What I get is that sql2 is better than sql1 in performance.

But sql1 is recommended. Is that correct?


Solution

  • I have a table friend used to store the relationship between two user.

    For example: (1,2) means user1 and user2 are friends. (2,1) means the same, but there we won't store that, making uid1 < uid2 manually:

    Typically, you would implement that with have a PRIMARY KEY on (udi1, uid2) and a CHECK constraint enforcing uid1 < uid2.

    CREATE TABLE public.friend (
       uid1 integer
     , uid2 integer
     , PRIMARY KEY (uid1, uid2)
     , CONSTRAINT uid2_gt_uid1 CHECK (uid1 < uid2)
    );
    
    CREATE INDEX index_uid2 ON friend USING BTREE (uid2);
    

    You don't need the other index, it's covered by the index of the PK;

    CREATE INDEX index_uid1 ON friend USING BTREE (uid1);

    Then there cannot be duplicates (including switched duplicates) and nobody can be friend with him/her self either, and your query can simply be:

    SELECT * FROM friend WHERE 2 IN (uid1, uid2);
    

    ... which is short for:

    SELECT * FROM friend WHERE uid1 = 2 OR uid2 = 2;
    

    And the UNION variant is now logically identical:

    SELECT * FROM friend WHERE uid1=2
    UNION
    SELECT * FROM friend WHERE uid2=2;
    

    But you would UNION ALL instead of just UNION as there are no duplicates to begin with and UNION ALL is cheaper.
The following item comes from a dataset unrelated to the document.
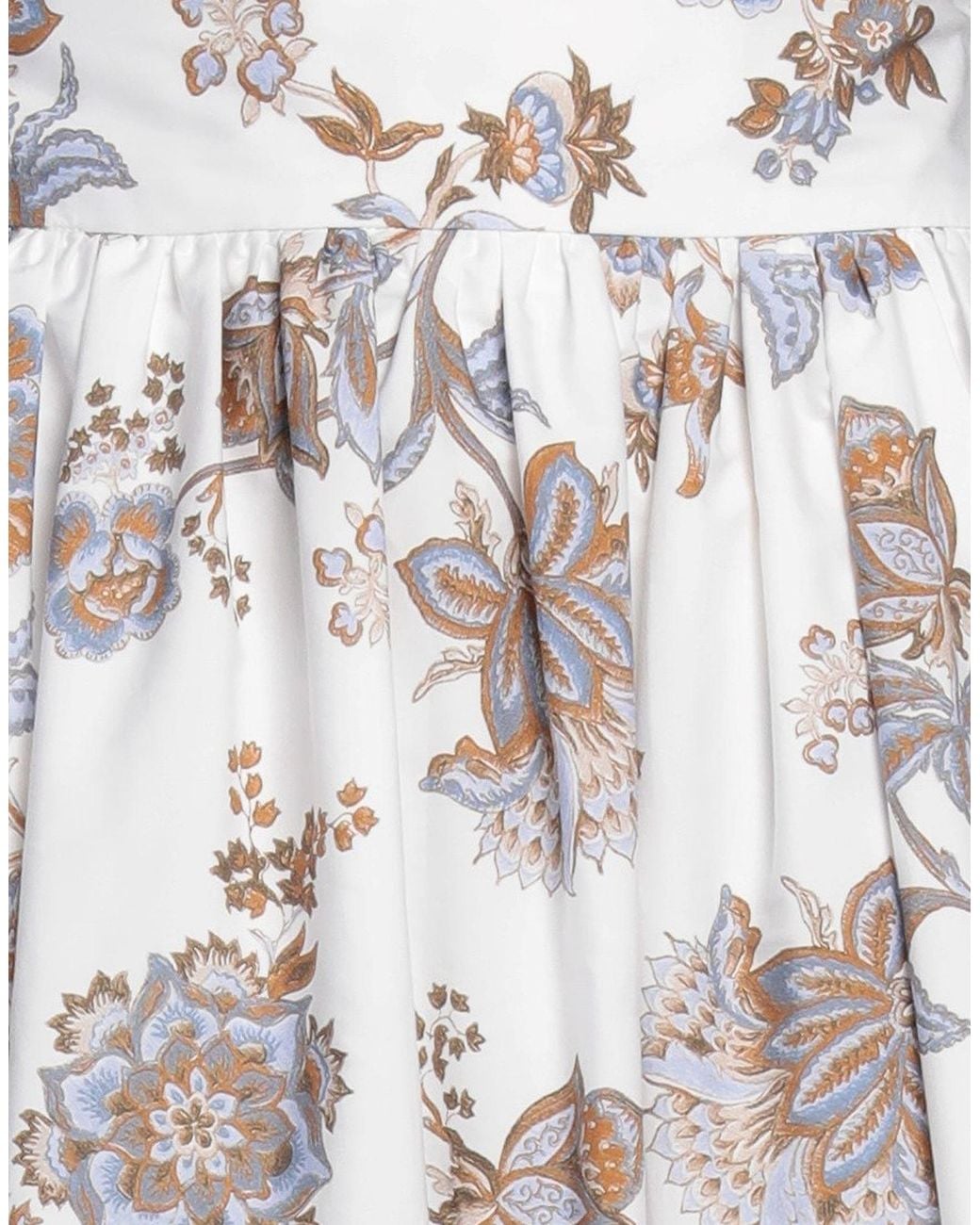 Eleventy Blue Maxi Skirt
But still slightly more expensive than the single SELECT above.

    Duplicates?

    There are three possible sources of duplicates in the UNION ALL query:

    1. Duplicate rows in the underlying table (ruled out by the PK).
    2. Rows fetched multiple times by more than one SELECT branch.
    3. In your particular case: logical duplicates with switched IDs (ruled out by the CHECK constraint).

    Once you understand this, you also understand the implications of the different query techniques. With the suggest setup, only 2. remains as possible issue.